_About this task:_
For this item, repeat the material exactly while omitting its pictures.

_Input material:_
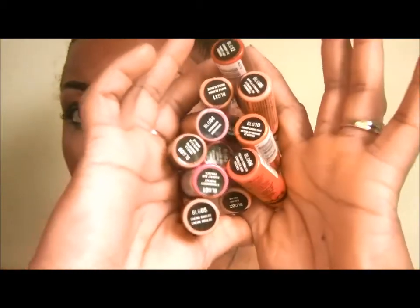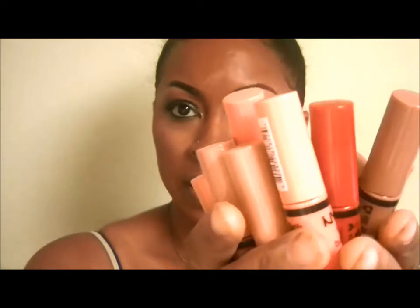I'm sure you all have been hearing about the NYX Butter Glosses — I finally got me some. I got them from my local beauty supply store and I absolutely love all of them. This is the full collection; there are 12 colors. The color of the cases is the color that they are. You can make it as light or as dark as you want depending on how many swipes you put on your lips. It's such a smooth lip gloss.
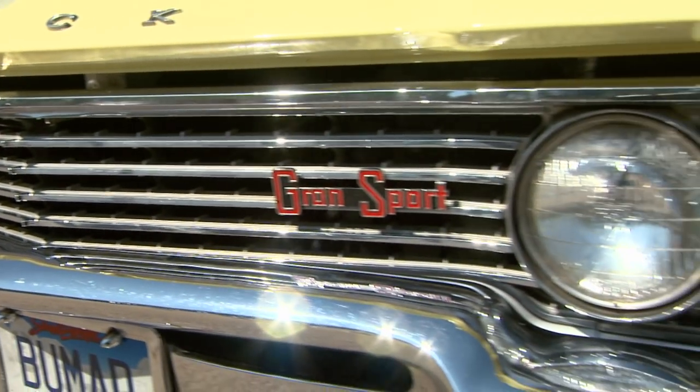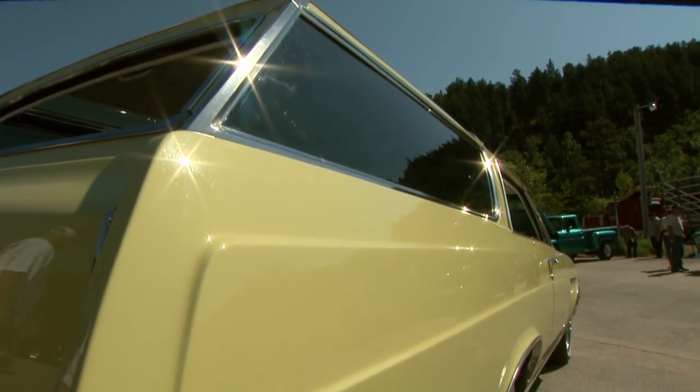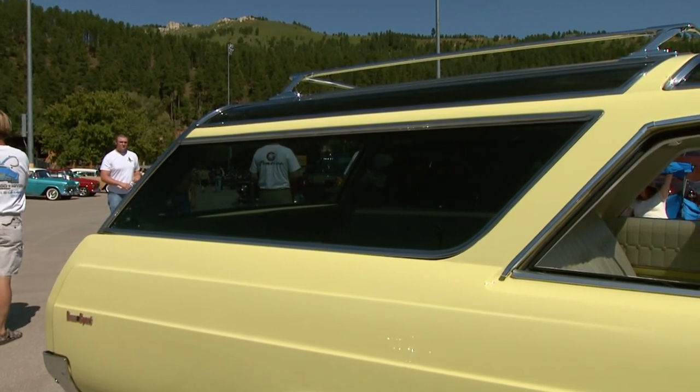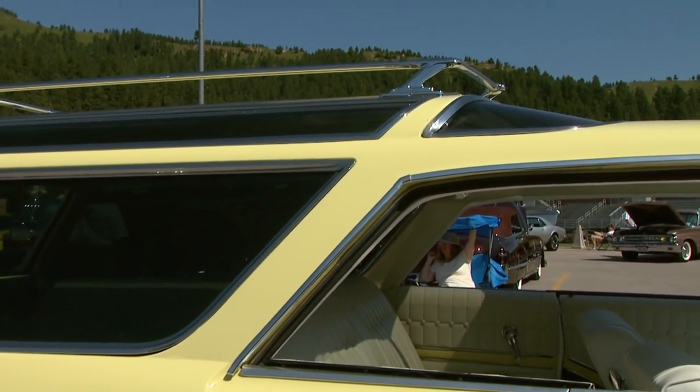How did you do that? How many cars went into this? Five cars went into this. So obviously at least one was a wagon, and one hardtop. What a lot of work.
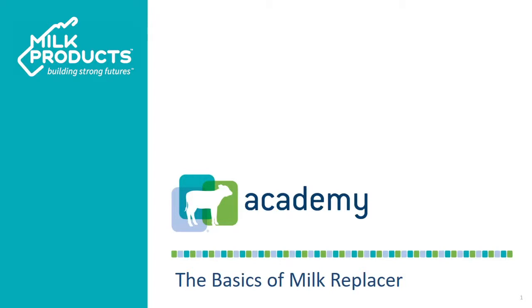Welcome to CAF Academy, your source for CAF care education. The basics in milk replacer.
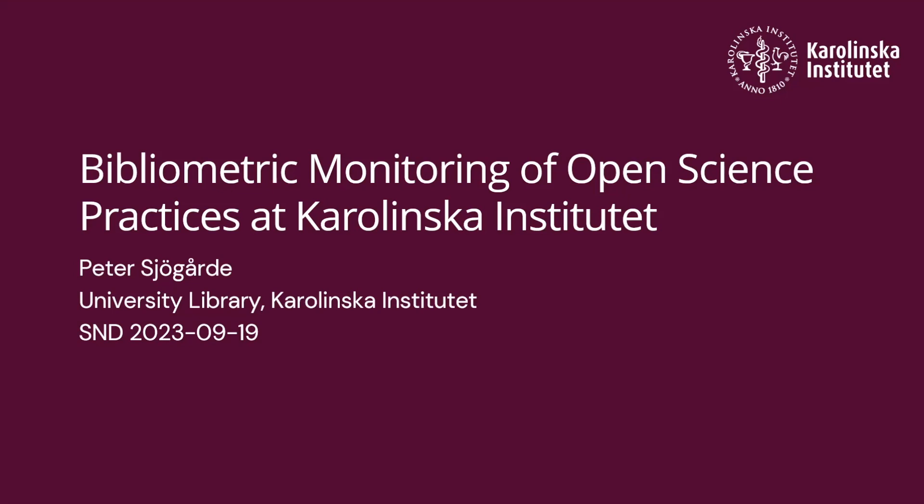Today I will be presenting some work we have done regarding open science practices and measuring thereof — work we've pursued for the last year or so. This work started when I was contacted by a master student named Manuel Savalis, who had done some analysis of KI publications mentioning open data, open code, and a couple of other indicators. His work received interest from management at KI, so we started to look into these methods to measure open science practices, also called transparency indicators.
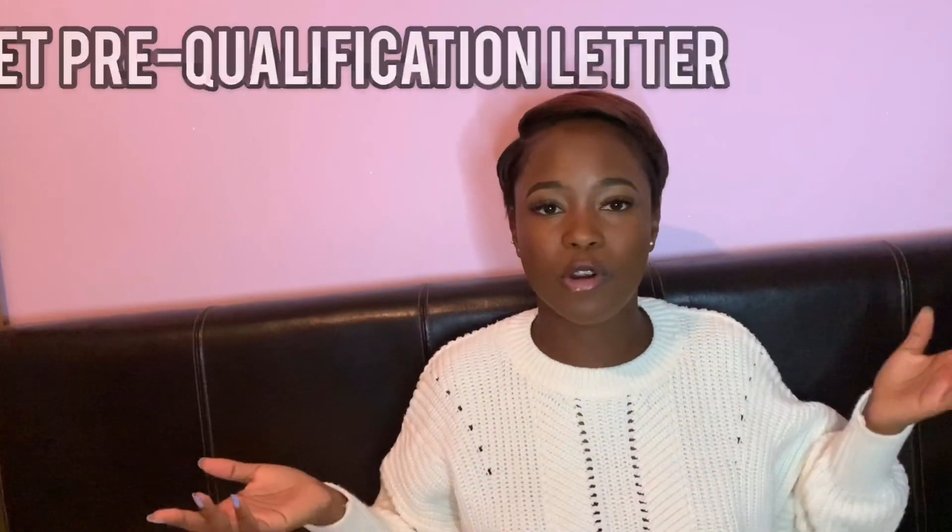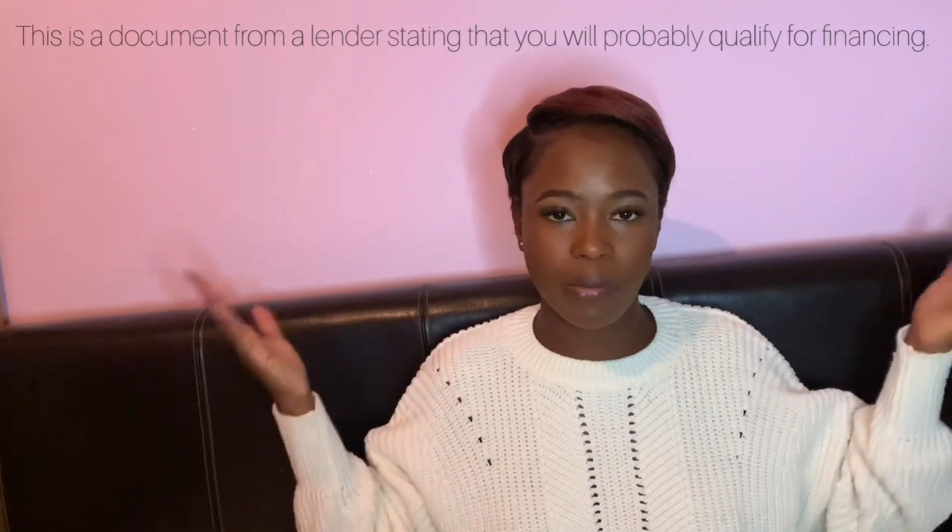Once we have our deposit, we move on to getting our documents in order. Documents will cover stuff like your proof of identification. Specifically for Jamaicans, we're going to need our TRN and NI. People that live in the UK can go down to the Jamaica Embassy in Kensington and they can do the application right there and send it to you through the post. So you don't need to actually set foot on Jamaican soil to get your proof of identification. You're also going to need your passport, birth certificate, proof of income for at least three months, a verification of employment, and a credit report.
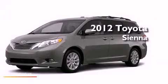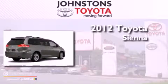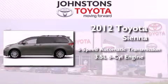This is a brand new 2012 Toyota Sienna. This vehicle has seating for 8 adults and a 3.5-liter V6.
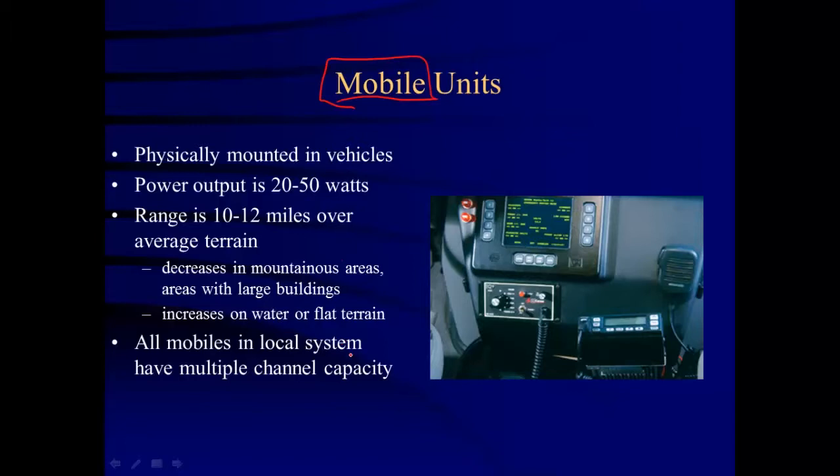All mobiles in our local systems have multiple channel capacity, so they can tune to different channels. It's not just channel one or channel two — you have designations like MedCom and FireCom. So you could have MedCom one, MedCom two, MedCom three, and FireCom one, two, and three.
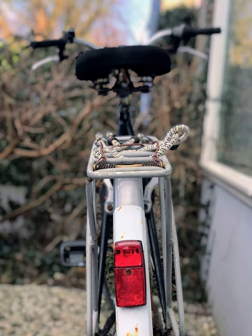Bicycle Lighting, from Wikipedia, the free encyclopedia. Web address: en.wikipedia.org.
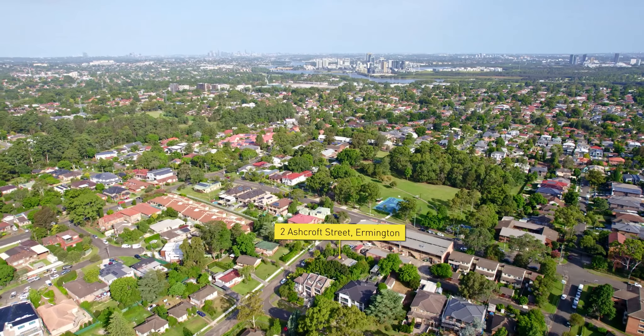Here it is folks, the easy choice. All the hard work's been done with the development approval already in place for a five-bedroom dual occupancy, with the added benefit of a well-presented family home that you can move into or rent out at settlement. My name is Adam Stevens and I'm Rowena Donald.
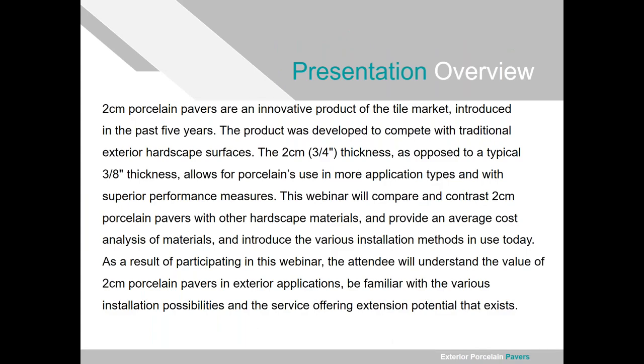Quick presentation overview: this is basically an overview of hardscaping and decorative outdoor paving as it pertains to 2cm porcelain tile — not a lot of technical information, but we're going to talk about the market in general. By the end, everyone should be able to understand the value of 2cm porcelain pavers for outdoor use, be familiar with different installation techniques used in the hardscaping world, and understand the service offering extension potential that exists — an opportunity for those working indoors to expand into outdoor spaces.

_Task solution:_
I'm sure you all have been hearing about the NYX Butter Glosses — I finally got me some. I got them from my local beauty supply store and I absolutely love all of them. This is the full collection; there are 12 colors. The color of the cases is the color that they are. You can make it as light or as dark as you want depending on how many swipes you put on your lips. It's such a smooth lip gloss.
How did you do that? How many cars went into this? Five cars went into this. So obviously at least one was a wagon, and one hardtop. What a lot of work.
Welcome to CAF Academy, your source for CAF care education. The basics in milk replacer.
Today I will be presenting some work we have done regarding open science practices and measuring thereof — work we've pursued for the last year or so. This work started when I was contacted by a master student named Manuel Savalis, who had done some analysis of KI publications mentioning open data, open code, and a couple of other indicators. His work received interest from management at KI, so we started to look into these methods to measure open science practices, also called transparency indicators.
Once we have our deposit, we move on to getting our documents in order. Documents will cover stuff like your proof of identification. Specifically for Jamaicans, we're going to need our TRN and NI. People that live in the UK can go down to the Jamaica Embassy in Kensington and they can do the application right there and send it to you through the post. So you don't need to actually set foot on Jamaican soil to get your proof of identification. You're also going to need your passport, birth certificate, proof of income for at least three months, a verification of employment, and a credit report.
This is a brand new 2012 Toyota Sienna. This vehicle has seating for 8 adults and a 3.5-liter V6.
All mobiles in our local systems have multiple channel capacity, so they can tune to different channels. It's not just channel one or channel two — you have designations like MedCom and FireCom. So you could have MedCom one, MedCom two, MedCom three, and FireCom one, two, and three.
Bicycle Lighting, from Wikipedia, the free encyclopedia. Web address: en.wikipedia.org.
Here it is folks, the easy choice. All the hard work's been done with the development approval already in place for a five-bedroom dual occupancy, with the added benefit of a well-presented family home that you can move into or rent out at settlement. My name is Adam Stevens and I'm Rowena Donald.
Quick presentation overview: this is basically an overview of hardscaping and decorative outdoor paving as it pertains to 2cm porcelain tile — not a lot of technical information, but we're going to talk about the market in general. By the end, everyone should be able to understand the value of 2cm porcelain pavers for outdoor use, be familiar with different installation techniques used in the hardscaping world, and understand the service offering extension potential that exists — an opportunity for those working indoors to expand into outdoor spaces.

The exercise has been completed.